Directed by two-time Academy Award®-winner Pete Docter, co-directed by Kemp Powers and produced by Academy Award®-nominee Dana Murray, Disney and Pixar’s “Soul” opens in theaters on June 19, 2020. According to Docter, the idea for the story is 23 years in the making. “It started with my son—he’s 23 now—but the instant he was born, he already had a personality,” says Docter. “Where did that come from? I thought your personality developed through your interaction with the world. And yet, it was pretty clear that we’re all born with a very unique, specific sense of who we are.”

“Soul” introduces Joe Gardner, a middle-school band teacher whose true passion is playing jazz. “I think Joe is having that crisis that all artists have,” says Powers. “He’s increasingly feeling like his lifelong dream of being a jazz musician is not going to pan out and he’s asking himself ‘Why am I here? What am I meant to be doing?’ Joe personifies those questions.”

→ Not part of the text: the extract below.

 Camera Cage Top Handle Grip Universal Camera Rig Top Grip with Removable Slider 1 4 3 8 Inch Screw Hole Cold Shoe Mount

In the film, just when Joe thinks his dream might be in reach, a single unexpected step sends him to a fantastical place where he’s is forced to think again about what it truly means to have soul. That’s where he meets and ultimately teams up with 22, a soul who doesn’t think life on Earth is all it’s cracked up to be. Jamie Foxx lends his voice to Joe, while Tina Fey voices 22. “The comedy comes naturally,” says Murray. “But the subtle emotion that reveals the truth to the characters is really something special.”